Posted on April 25, 2014 at 6:41 PM
Saturday, Apr 26 at 2:28 PM
CHARLOTTE, N.C. -- People love to complain about their cable bills. But now that Comcast is trying to take over Time Warner Cable, are you going to have more to complain about?
First, look at the price differences between the two companies. Both reported earnings this week. Over the last year, both companies have been making slightly more money off of customers. But at Comcast, the average customer pays about $10 a month more-- around $130 to $135.
So if the Comcast takeover goes through, does that mean your bill will go up?
A lot of industry analysts say yes, if only because the company will be bigger. That means fewer choices in a landscape where you don't really have many choices for TV, internet and phone as it is. But there might be something else at work here. Think about how you watch shows now. More and more people are doing it with smart phones and tablets, and watching shows on-demand. That makes the old school remote seem clunky.
Time Warner does have an app: you can use it to control your DVR, and watch some networks live and on-demand. But to actually control your TV, you still need a remote, and you have to deal with channel numbers and up-and-down buttons. Time Warner’s latest innovation was to change channel numbers around to make shows easier to find. “Channel numbers are still an appropriate frame of reference, even today, for particular shows at a particular time, whether you're watching it live or recording it for later,” Time Warner spokesman Rich Ruggiero told me last month, when the channel changes were rolled out.
Comcast rolled out a set-top box called the X-1 last year.
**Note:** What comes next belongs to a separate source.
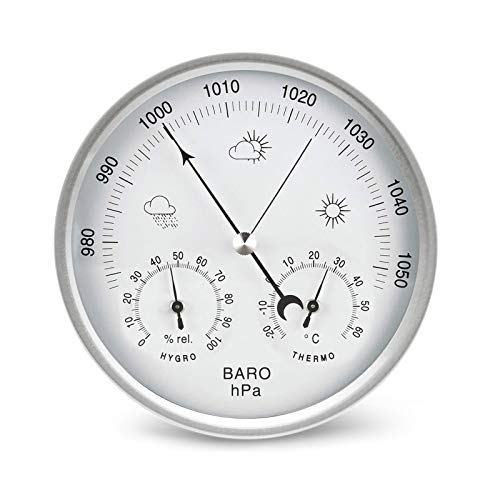 AMTAST Wetterstation analog Zifferblatt Barometer mit Thermometer Hygrometer Luftdruckmessungen Einfachheit und Einfache Ablesbarkeit
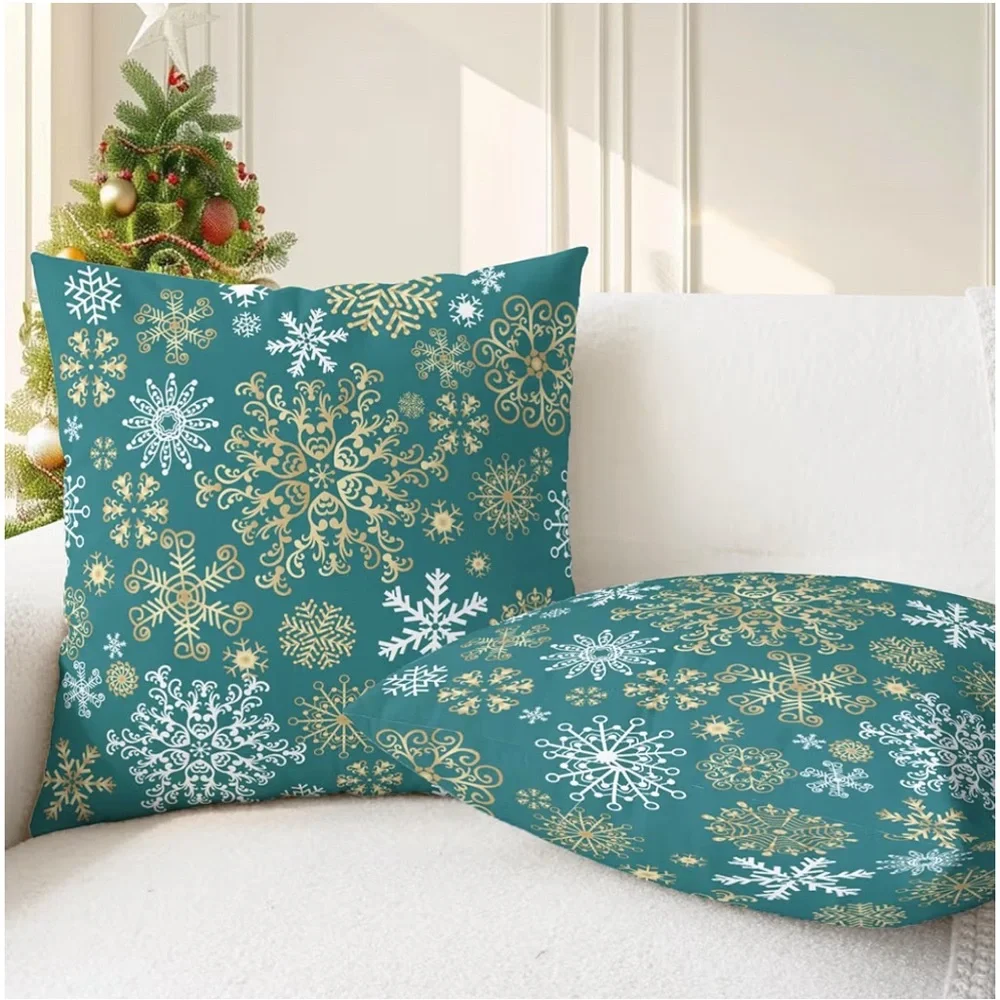 Holiday Snowflake Throw Pillow Case Set - Teal and Gold 18” x 18” NWOT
It has a cloud-based interface where you can search for shows or events with either your smart phone or your voice. In that system, you can easily just tell the box what you want to watch, rather than have to use your remote to find the channel. Customers seem to like it, and the boxes seem to be good for business. At Comcast, fewer customers are cutting the cord and going internet-only. Instead, Comcast is adding cable TV customers. Time Warner, which is trying to catch up with the X-1, has been losing fewer cable TV customers lately, but they’re still losing customers.
So yes, Comcast customers pay more than Time Warner customers. But it's hard to say you'll pay more in the future because you have to, or because you want to.